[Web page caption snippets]
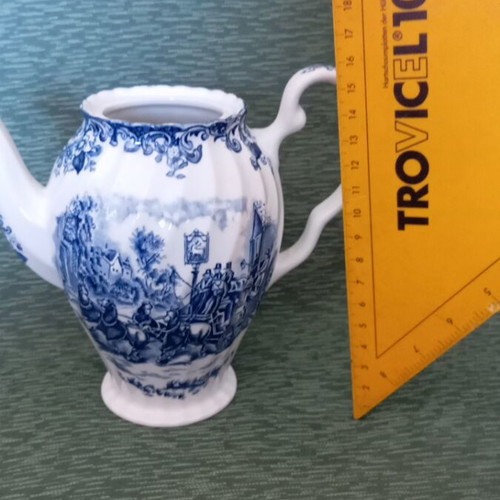 Vintage English teapot without lid, like new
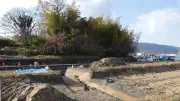 奈良「ネコ塚古墳」発掘で周濠や葺石出土、被葬者は葛城氏重臣か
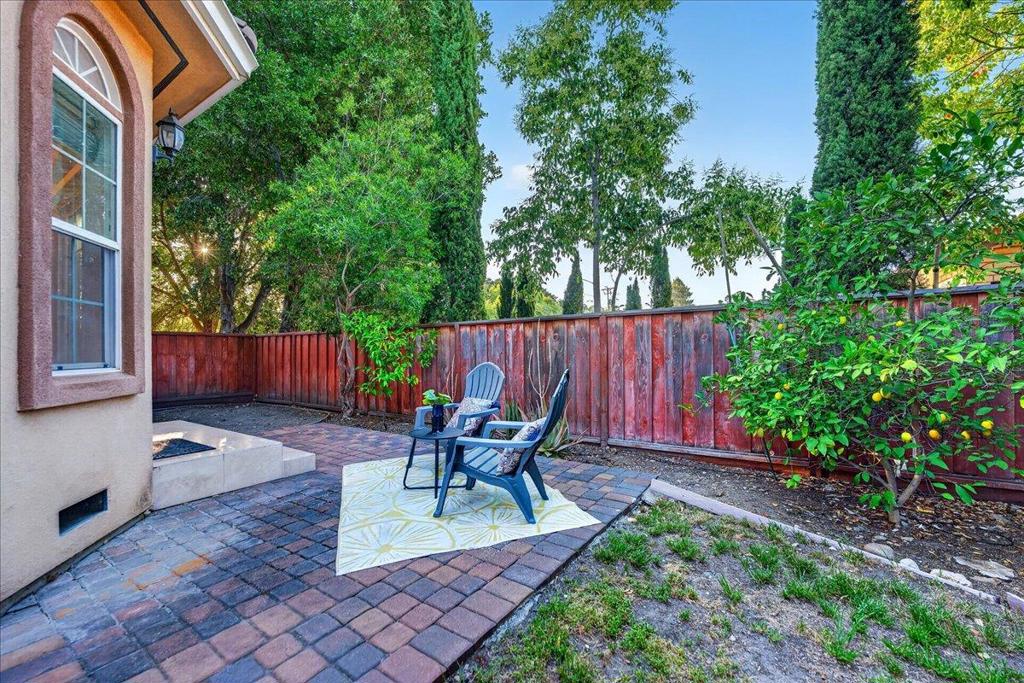 725 W Hacienda Avenue Property Photo 53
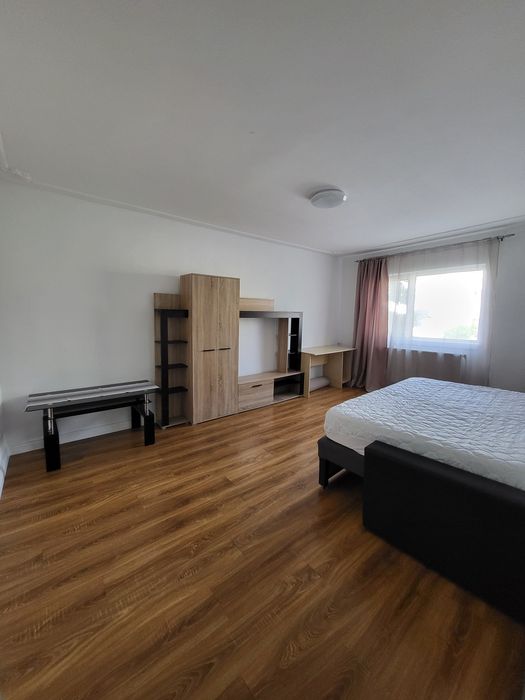 Închiriez apartament 3camere Iași Nicolina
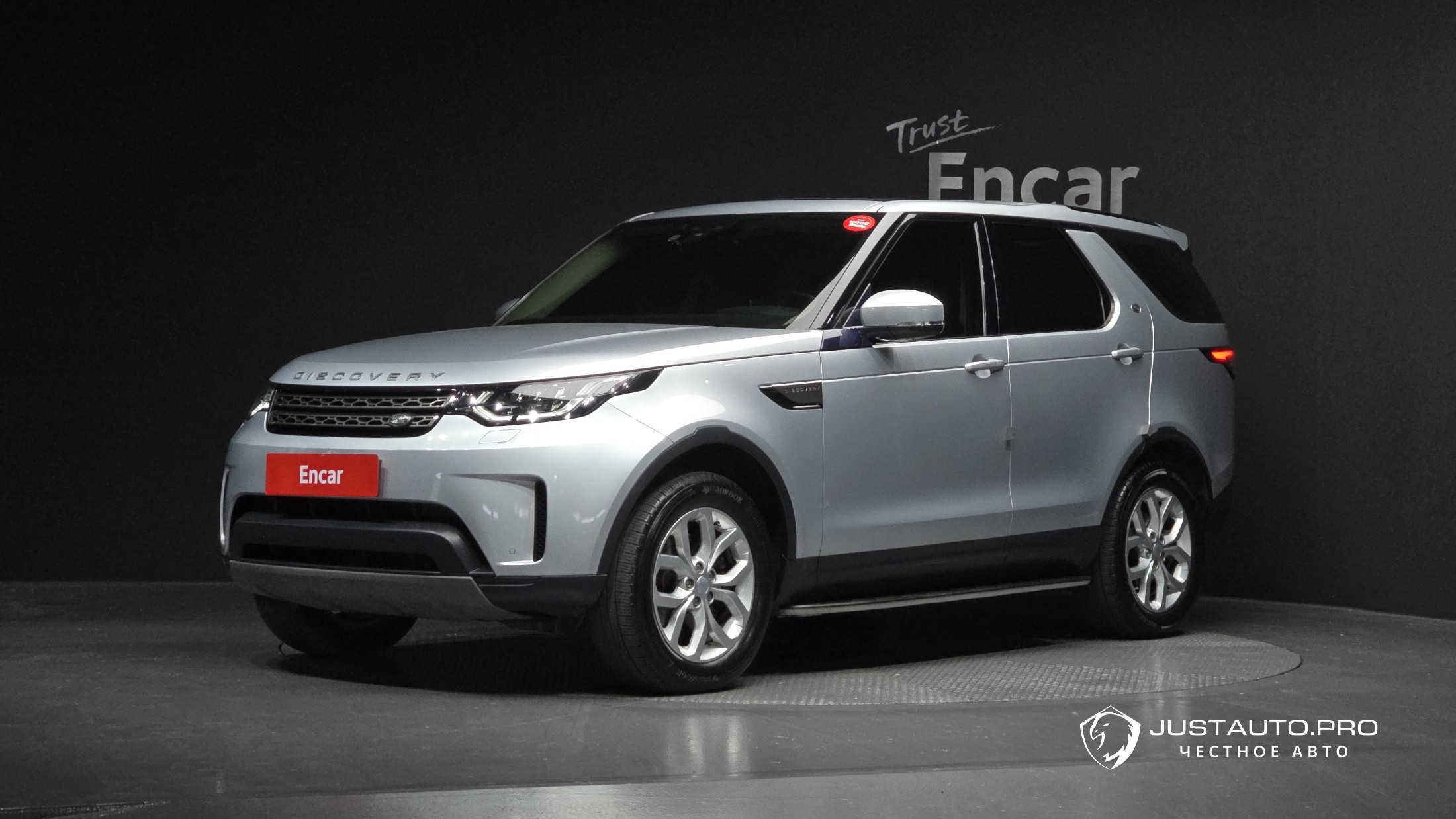 Автомобиль Land Rover Discovery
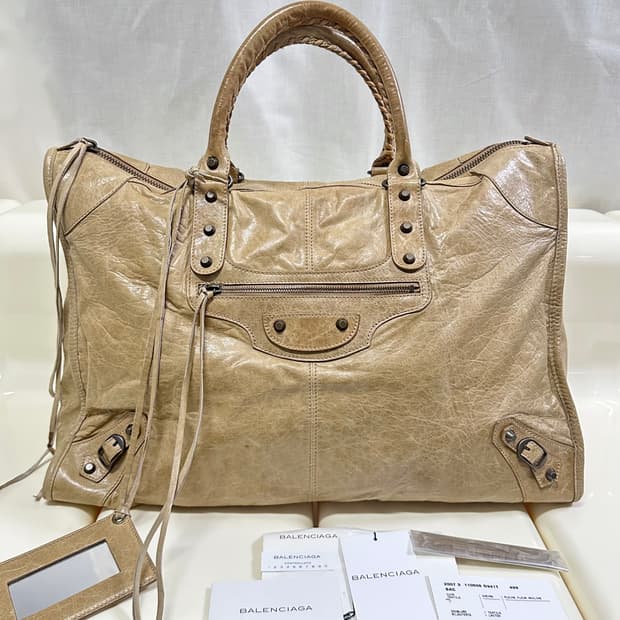 [A 정품] 발렌시아가 시티 모터백 위켄더 카라멜브라운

→ **WORK REQUIRED**
The records above must be output exactly, except for the pictures.

→ **OUTPUT BELOW**
 Vintage English teapot without lid, like new
 奈良「ネコ塚古墳」発掘で周濠や葺石出土、被葬者は葛城氏重臣か
 725 W Hacienda Avenue Property Photo 53
 Închiriez apartament 3camere Iași Nicolina
 Автомобиль Land Rover Discovery
 [A 정품] 발렌시아가 시티 모터백 위켄더 카라멜브라운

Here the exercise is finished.